Lost Valley is a vest-pocket ski area secreted in the barely rolling countryside outside Auburn, Maine. Don’t be deceived by the hill’s diminutive size. Although the vertical drop is only 240 feet, it was enough to produce four Olympians: Karl Anderson and Anna, Julie, and Rob Parisien. This is an especially family-friendly area; the base lodge doubles as the local baby-sitting service–parents just naturally watch out for one another’s kids. According to Julie Parisien, who grew up skiing here, you may be able to make only 10 turns from top to bottom, but that’s 10 good turns. And that’s what matters.

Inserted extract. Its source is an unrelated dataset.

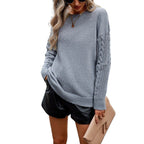 Ivory Cable Knit Trui - modelita.nl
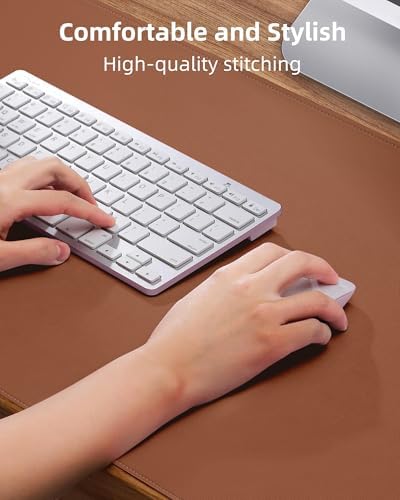 Extra Large Desk Mat - 63"x 17" Non-Slip Desk Pad for Office and Home - Ideal for Large Mouse Pad and Desk Mats on Top of Desks(Brown) - Image 3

Maine’s oldest ski area is Shawnee Peak, an especially popular destination given its proximity to Portland (45 miles). I have a soft spot for the area where I spent my youth–bring your family, and you’ll likely understand why. The setting is rural, and the mountain appears to rise out of Moose Pond. The views, which take in Mt. Washington and the Presidential Range of the White Mountains, are calming, almost inspirational. It’s one of the largest night-skiing facility, acreage-wise, in New England. Arrive at night, and you’ll notice that the trails spell out the word LOV in 1960s-block-style lettering. The mountain skis bigger than its 1,300-foot vertical indicates, as it has two faces, with open slopes on one and squiggly trails ribboning the other.
For anyone weak in the wallet or overawed by megaresorts, Mt. Abram is the solution. This longtime family favorite is something of a sleeper. Most folks drive right by on their way to glitzy Sunday River, just up the road. A savvy few turn off Route 26 in Locke Mills, drawn by this resort’s commitment to family skiing and a decent 1,150-foot vertical. The segregated learning area, tubing park, night lights, cross-country loop, low-key atmosphere, and lack of crowds make it a real gem.

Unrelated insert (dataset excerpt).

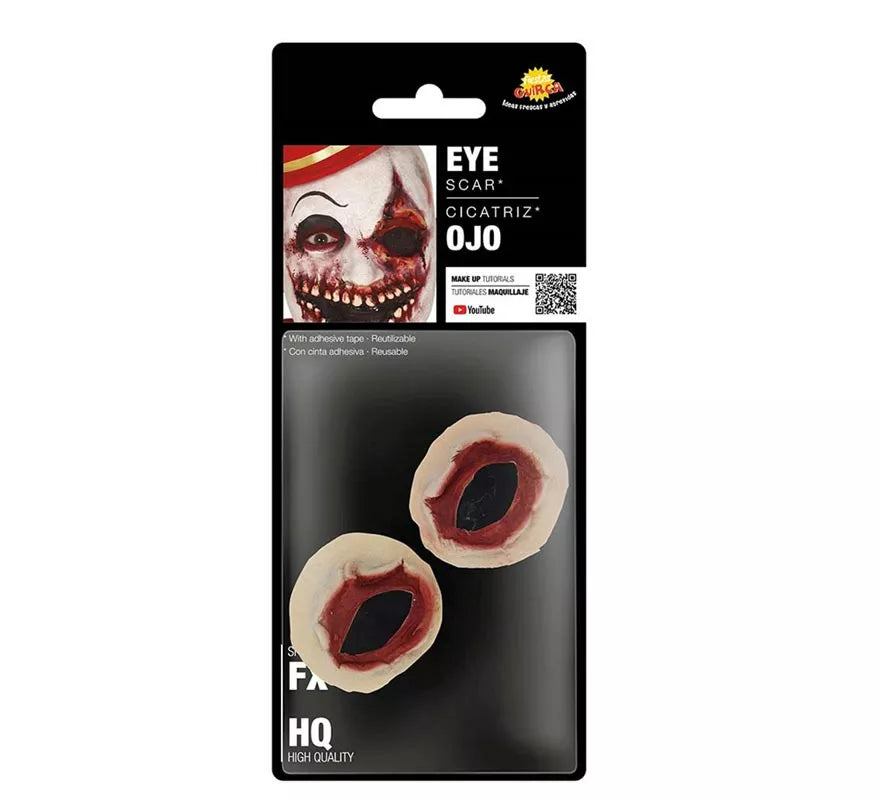 Translation missing: fr.Maquillaje FXs de Cicatriz Ojos Negros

A real success story is Black Mountain of Maine, where prices are low and spirit is high. It’s owned and operated by the Maine Winter Sports Center, which is committed to reestablishing skiing as part of the local lifestyle. MWSC has invested heavily in the 1,150-foot vertical hill, putting in new lifts, cutting new trails, adding snowmaking and night skiing, and making it smoke free. Another plus is the Nordic trail system, designed by two-time Olympian Chummy Broomhall.

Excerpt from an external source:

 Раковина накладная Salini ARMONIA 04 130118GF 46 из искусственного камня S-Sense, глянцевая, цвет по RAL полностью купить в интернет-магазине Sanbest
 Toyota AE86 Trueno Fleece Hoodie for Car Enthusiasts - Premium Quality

The Farmington Ski Club operates Titcomb Mountain Ski Area, an all-volunteer operation with a modest 340-foot vertical. It’s the hill where two-time Olympic gold medalist Seth Wescott played as a youth. In addition to the alpine terrain, there are nine miles of groomed trails for cross-countryskiing and snowboarding (a potential solution for mixed marriages or partnerships). The operating schedule coincides with school hours, so it’s open late afternoon and evenings, weekends, and daily during vacation weeks. Yes, it’s a club, but nonmembers are welcomed.
When a Nor’easter roars up the East Coast, the place to be is Camden Snow Bowl, in coastal Camden, a town better known among yachtsmen than skiers. The reward for riding the pokey chair or creaky T-bars a is cruising down nautically named trails that ebb and flow down Ragged Mountain’s 950-foot vertical and deliver glimpses of island-salted Penobscot Bay. The town-owned four-season recreation area has alpine trails, night skiing and riding, a tubing park, Nordic trail, ice skating on Hosmer Pond, and a 400-foot toboggan chute that’s home to the annual National Toboggan Championships, held during the first weekend of February. The area exists in a time warp, with a vintage A-frame base lodge and retro food and ticket prices. All that, however, will change. A $6.5 million redevelopment plan includes a new four-season lodge, improved road and trail access, parking, new lifts, an expanded beginner area, and additional snow making.
At a friend’s suggestion, I’m adding Baker Mountain, in Moscow, to the list. It’s small, an open slope with five runs serviced by a T-bar, but it’s a non-profit community love fest. One of Maine’s older ski areas, dating from 1937, it’s now operated by its passholders, members of the Baker Mountain Ski Tow Club, which owns it. Baker operates on weekends and during February school breaks, and it even has night skiing and a vacation week ski school. Tickets are dirt cheap, smiles are huge. If you’re searching of skiing the way it used to be, Baker is the place for you.